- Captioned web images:
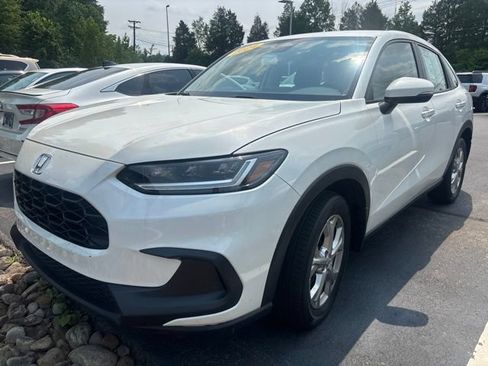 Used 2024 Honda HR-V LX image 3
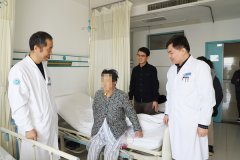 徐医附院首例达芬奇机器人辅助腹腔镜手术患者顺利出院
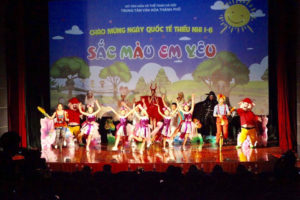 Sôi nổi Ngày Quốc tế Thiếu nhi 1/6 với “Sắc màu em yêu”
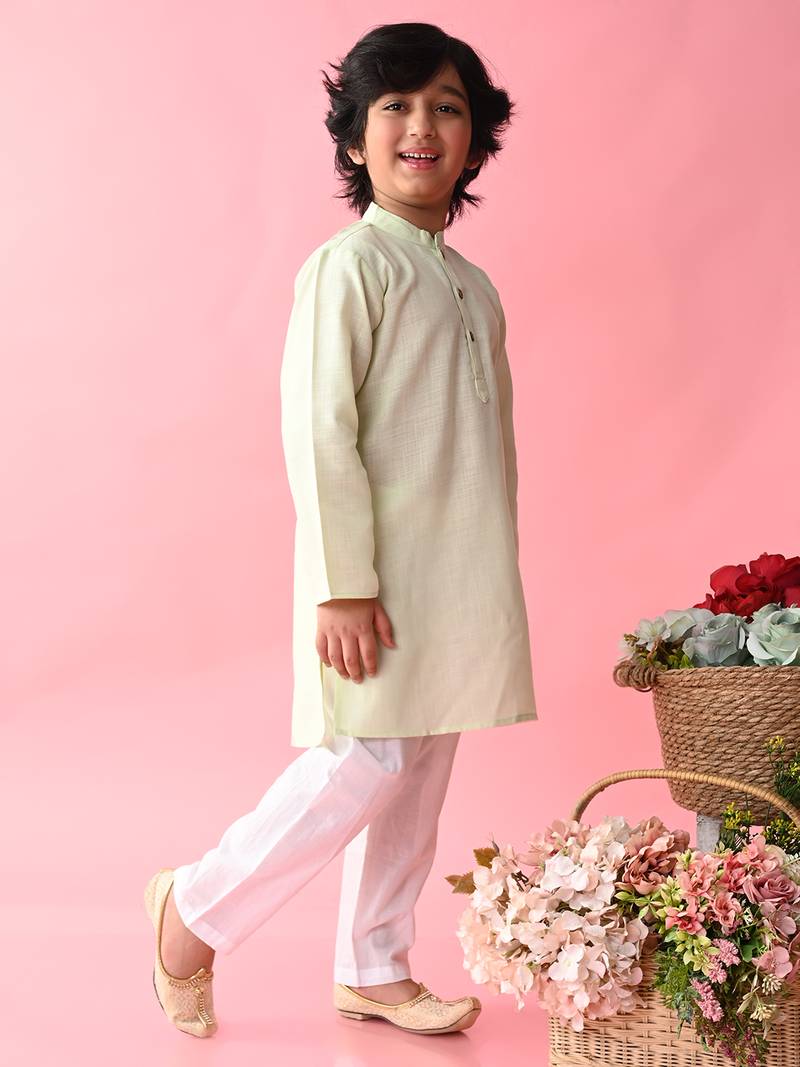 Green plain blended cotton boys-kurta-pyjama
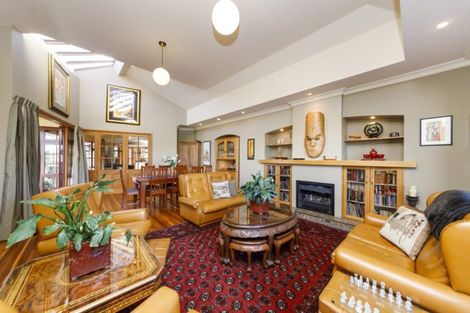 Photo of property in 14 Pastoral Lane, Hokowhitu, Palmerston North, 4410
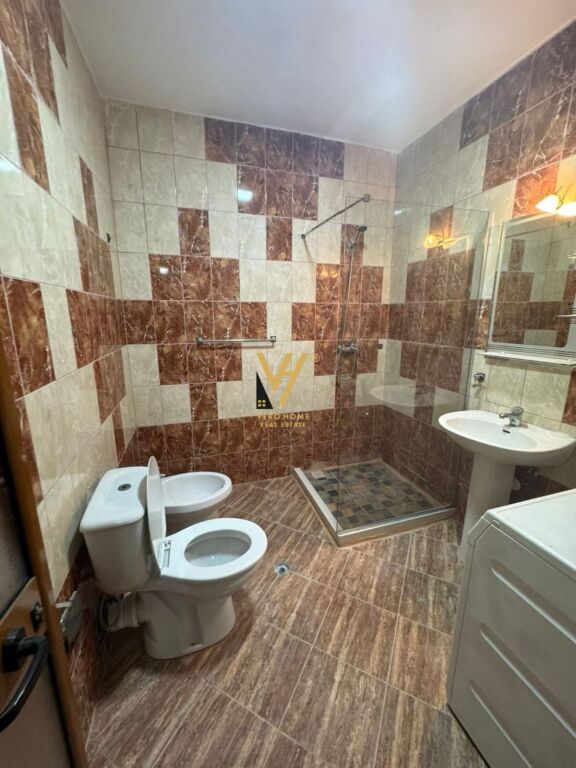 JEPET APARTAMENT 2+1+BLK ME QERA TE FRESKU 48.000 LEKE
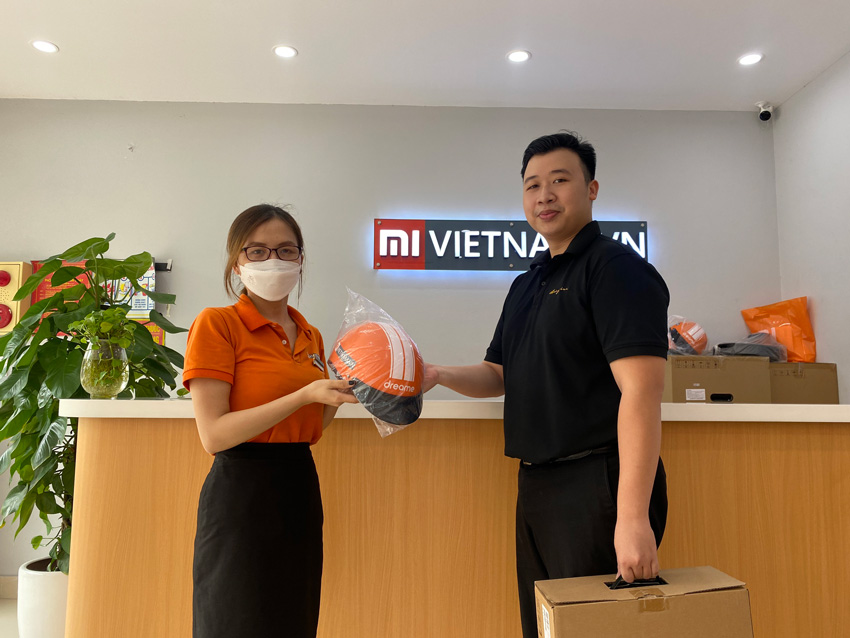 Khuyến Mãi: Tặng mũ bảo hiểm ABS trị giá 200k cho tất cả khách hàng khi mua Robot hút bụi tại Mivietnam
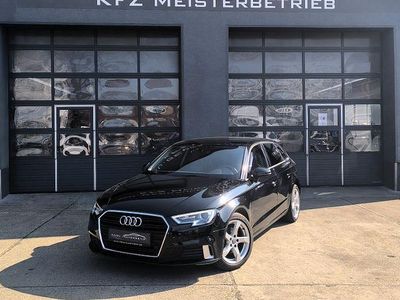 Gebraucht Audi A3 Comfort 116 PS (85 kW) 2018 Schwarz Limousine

- WORK TO COMPLETE: Return the data exactly. Pictures stay out.

- TASK OUTPUT:
 Used 2024 Honda HR-V LX image 3
 徐医附院首例达芬奇机器人辅助腹腔镜手术患者顺利出院
 Sôi nổi Ngày Quốc tế Thiếu nhi 1/6 với “Sắc màu em yêu”
 Green plain blended cotton boys-kurta-pyjama
 Photo of property in 14 Pastoral Lane, Hokowhitu, Palmerston North, 4410
 JEPET APARTAMENT 2+1+BLK ME QERA TE FRESKU 48.000 LEKE
 Khuyến Mãi: Tặng mũ bảo hiểm ABS trị giá 200k cho tất cả khách hàng khi mua Robot hút bụi tại Mivietnam
 Gebraucht Audi A3 Comfort 116 PS (85 kW) 2018 Schwarz Limousine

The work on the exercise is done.